[Caption-style text data]
########################################

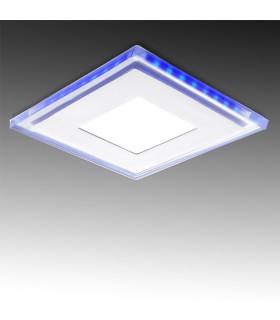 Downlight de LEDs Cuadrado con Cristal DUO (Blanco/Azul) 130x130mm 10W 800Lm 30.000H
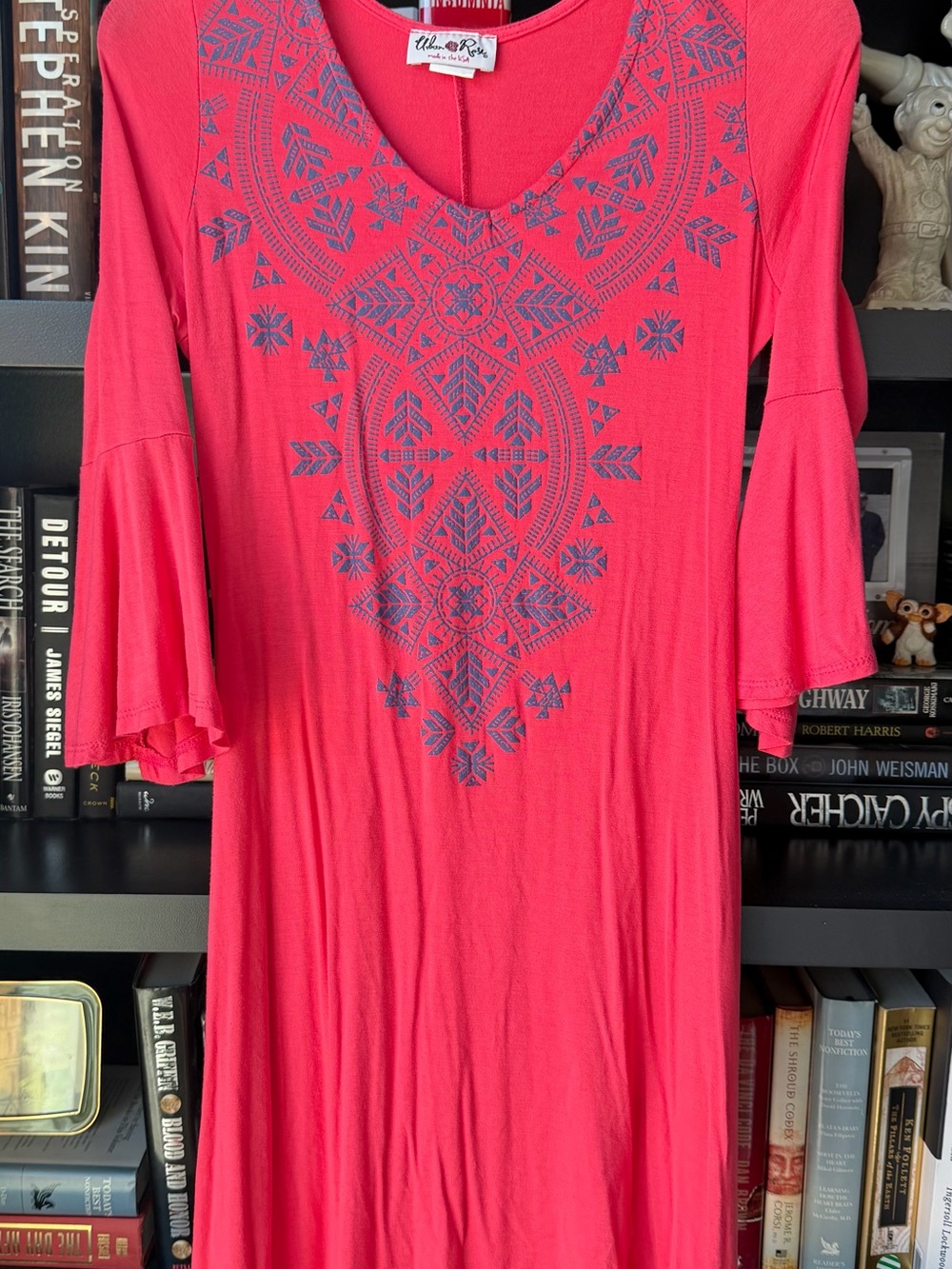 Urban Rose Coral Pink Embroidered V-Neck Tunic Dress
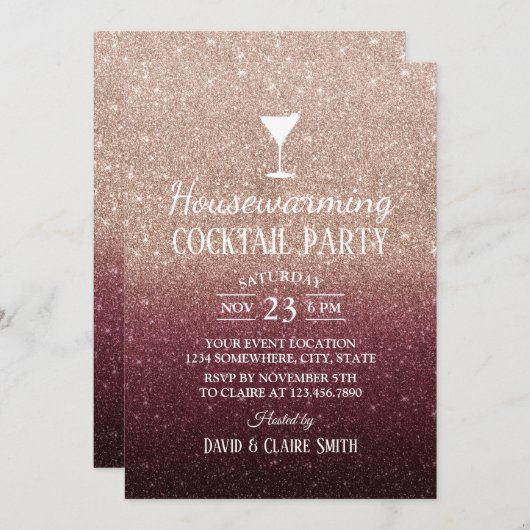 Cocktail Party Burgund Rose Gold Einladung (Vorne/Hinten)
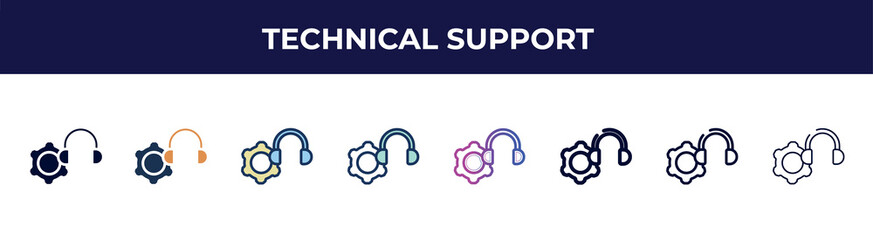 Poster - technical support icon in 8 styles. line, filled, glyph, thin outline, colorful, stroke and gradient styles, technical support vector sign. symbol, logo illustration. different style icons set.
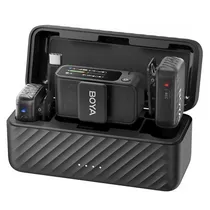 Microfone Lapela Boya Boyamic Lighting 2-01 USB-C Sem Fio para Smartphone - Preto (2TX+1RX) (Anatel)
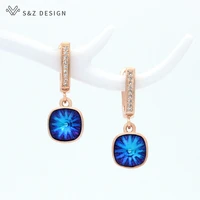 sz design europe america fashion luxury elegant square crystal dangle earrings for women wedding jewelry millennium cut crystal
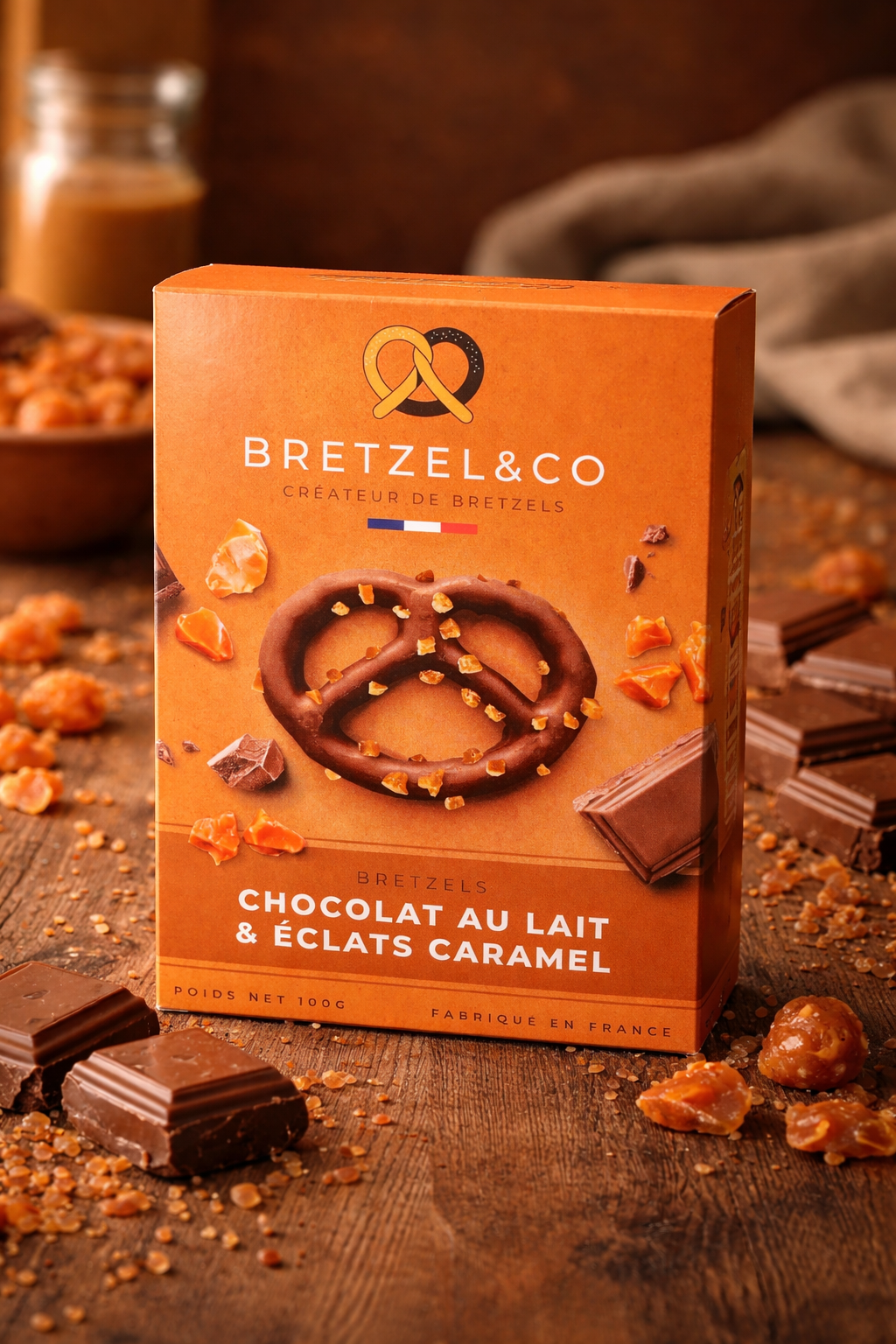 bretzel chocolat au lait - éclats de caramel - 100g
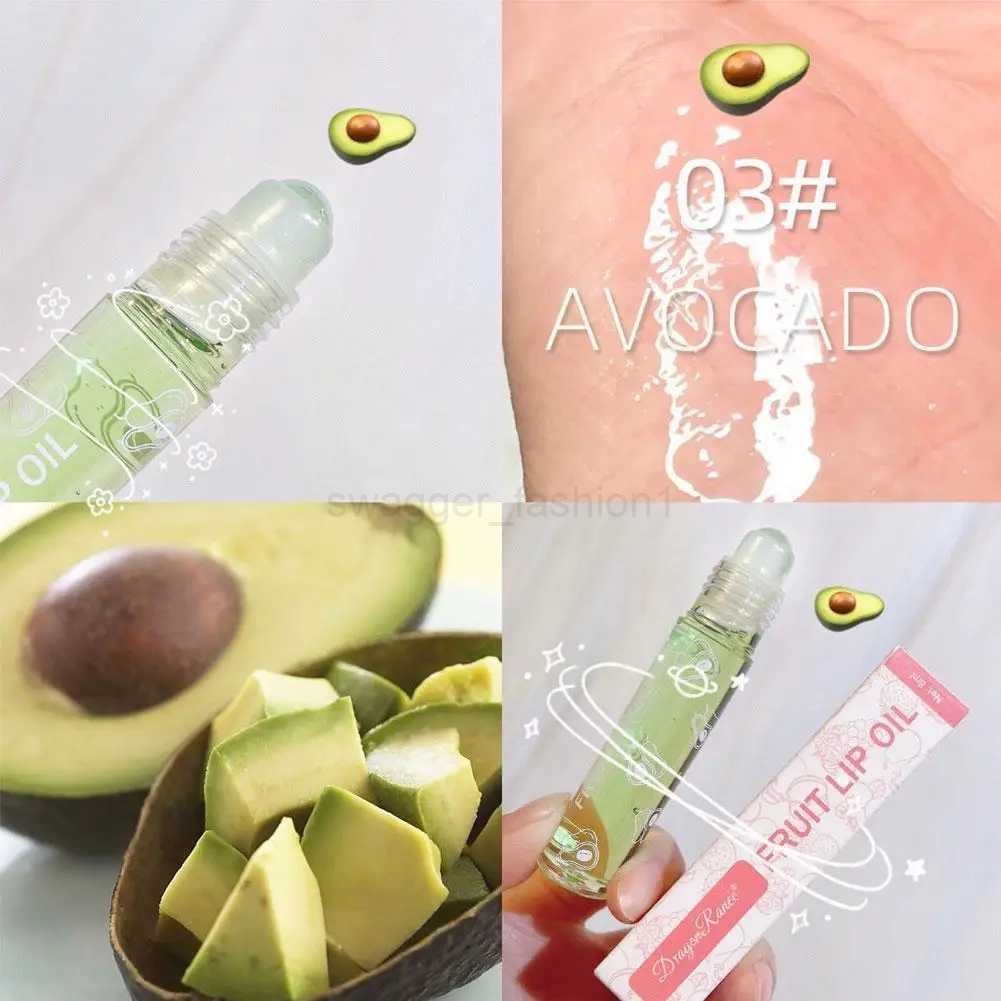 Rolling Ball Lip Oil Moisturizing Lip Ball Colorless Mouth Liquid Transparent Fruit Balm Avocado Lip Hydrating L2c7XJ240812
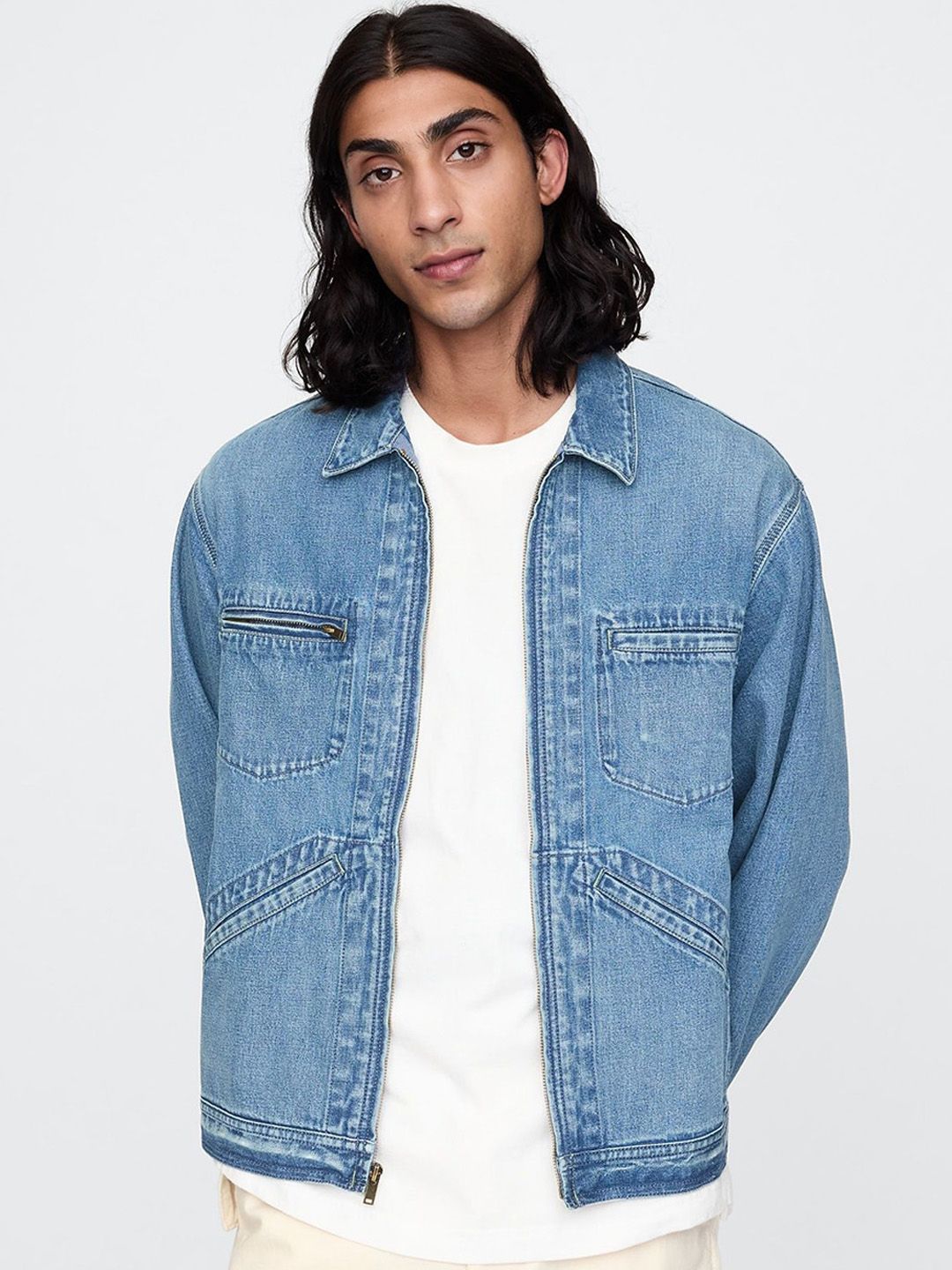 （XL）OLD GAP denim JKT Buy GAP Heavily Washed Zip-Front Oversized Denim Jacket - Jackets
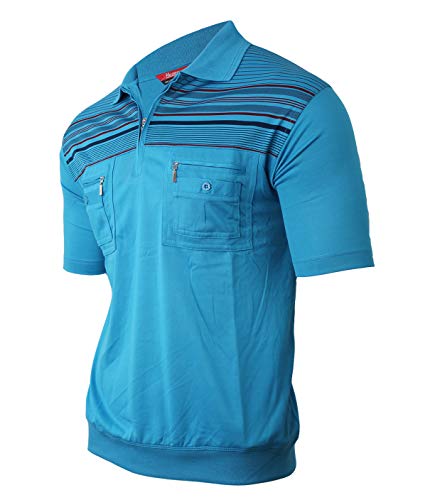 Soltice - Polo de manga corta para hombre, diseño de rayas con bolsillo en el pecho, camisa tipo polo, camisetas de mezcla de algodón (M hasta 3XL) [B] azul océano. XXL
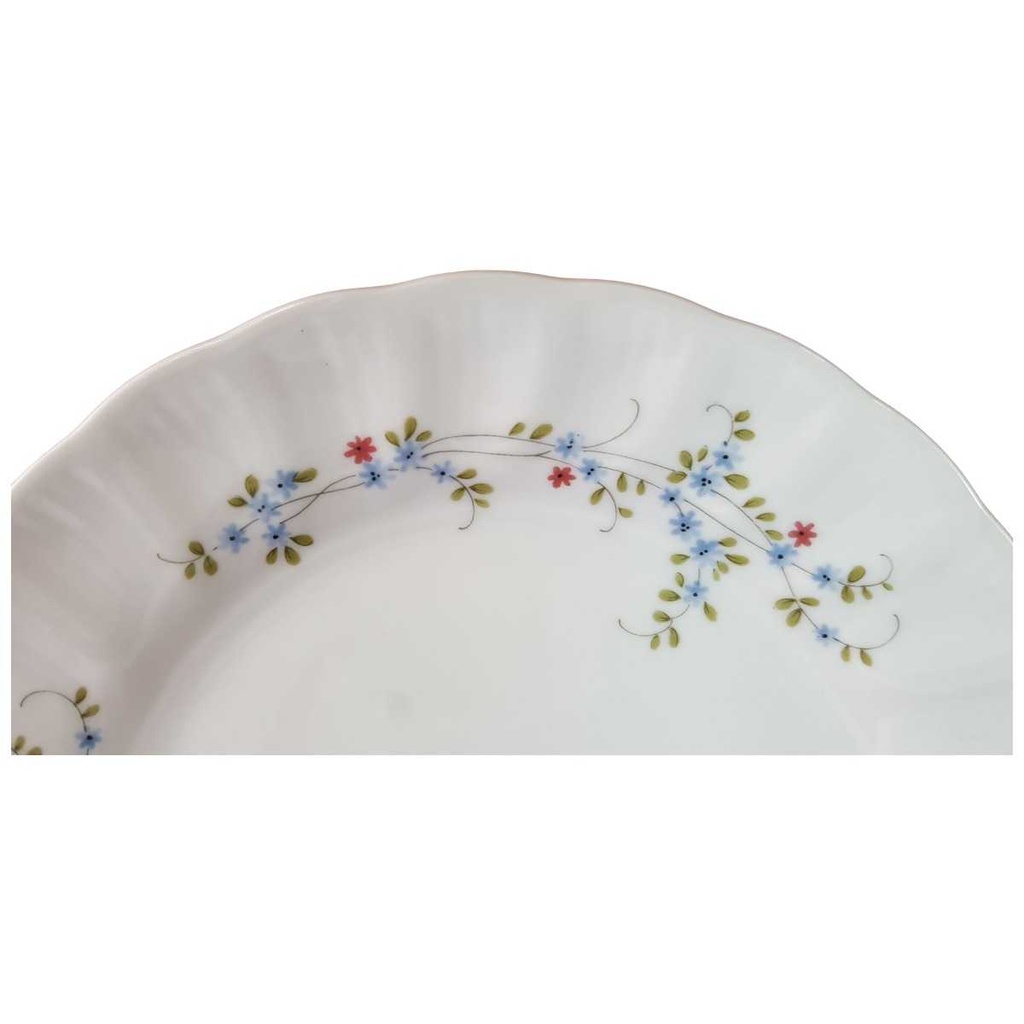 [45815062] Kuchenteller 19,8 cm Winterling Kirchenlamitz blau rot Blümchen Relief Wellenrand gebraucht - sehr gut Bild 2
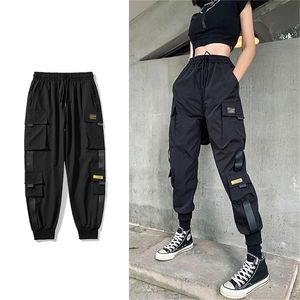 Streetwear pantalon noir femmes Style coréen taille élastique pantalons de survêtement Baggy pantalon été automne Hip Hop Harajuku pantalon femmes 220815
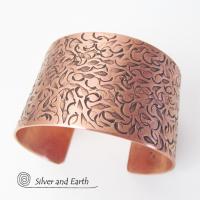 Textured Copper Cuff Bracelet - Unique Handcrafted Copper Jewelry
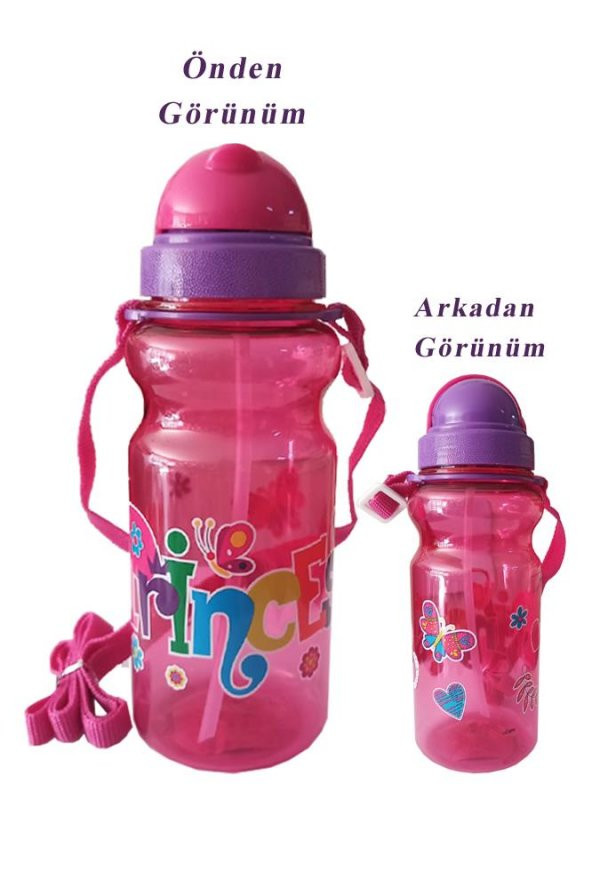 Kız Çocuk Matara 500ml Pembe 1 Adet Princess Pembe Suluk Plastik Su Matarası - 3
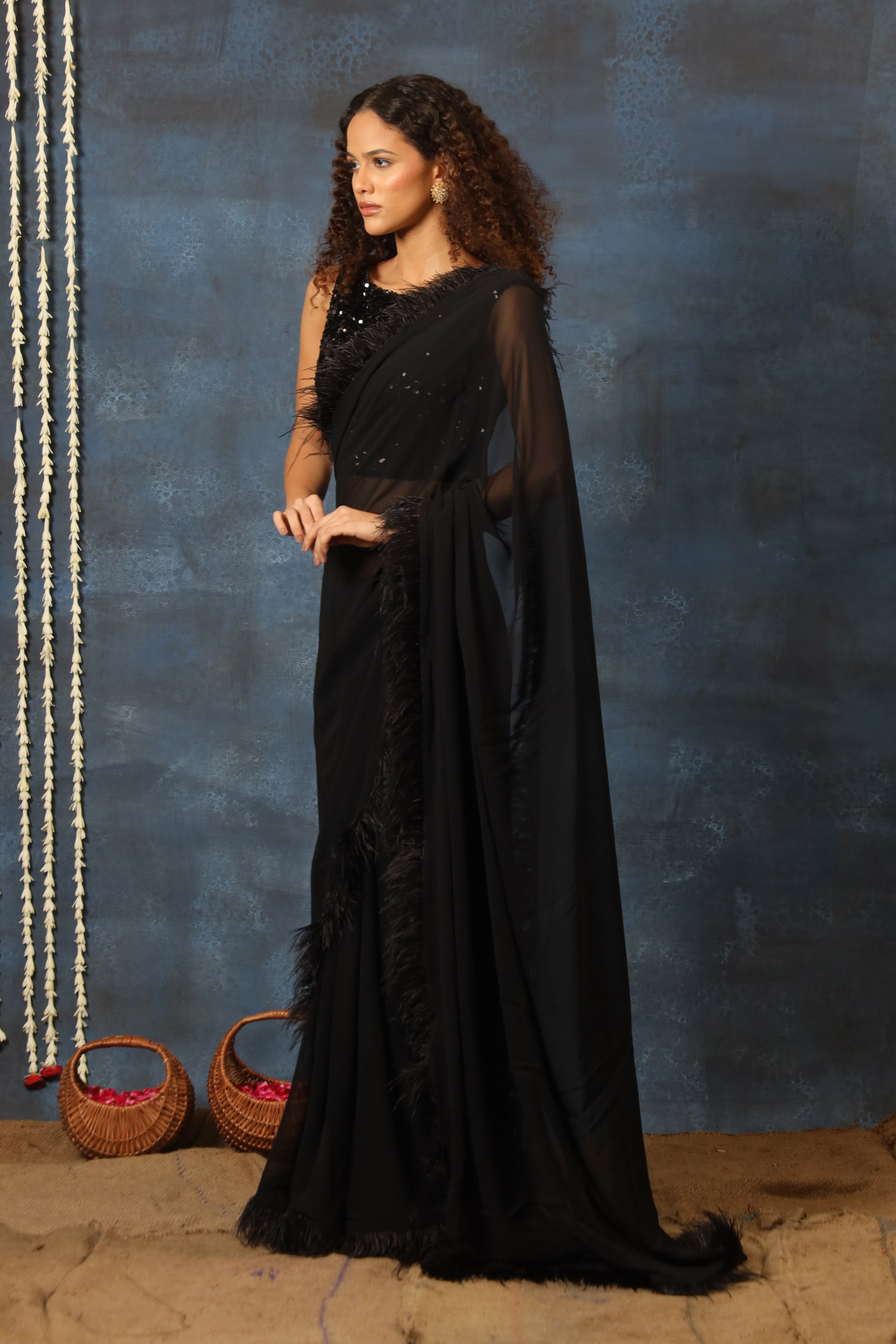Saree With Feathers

########################################

PROBLEM STATEMENT » Restate word for word, and only, the lines from the line that contains "Rolling Ball Lip" through the end of the data, both included; pictures are not part of the copy.

EXERCISE RESULT »
 Rolling Ball Lip Oil Moisturizing Lip Ball Colorless Mouth Liquid Transparent Fruit Balm Avocado Lip Hydrating L2c7XJ240812
 （XL）OLD GAP denim JKT Buy GAP Heavily Washed Zip-Front Oversized Denim Jacket - Jackets
 Soltice - Polo de manga corta para hombre, diseño de rayas con bolsillo en el pecho, camisa tipo polo, camisetas de mezcla de algodón (M hasta 3XL) [B] azul océano. XXL
 [45815062] Kuchenteller 19,8 cm Winterling Kirchenlamitz blau rot Blümchen Relief Wellenrand gebraucht - sehr gut Bild 2
 Streetwear pantalon noir femmes Style coréen taille élastique pantalons de survêtement Baggy pantalon été automne Hip Hop Harajuku pantalon femmes 220815
 Textured Copper Cuff Bracelet - Unique Handcrafted Copper Jewelry
 Kız Çocuk Matara 500ml Pembe 1 Adet Princess Pembe Suluk Plastik Su Matarası - 3
Saree With Feathers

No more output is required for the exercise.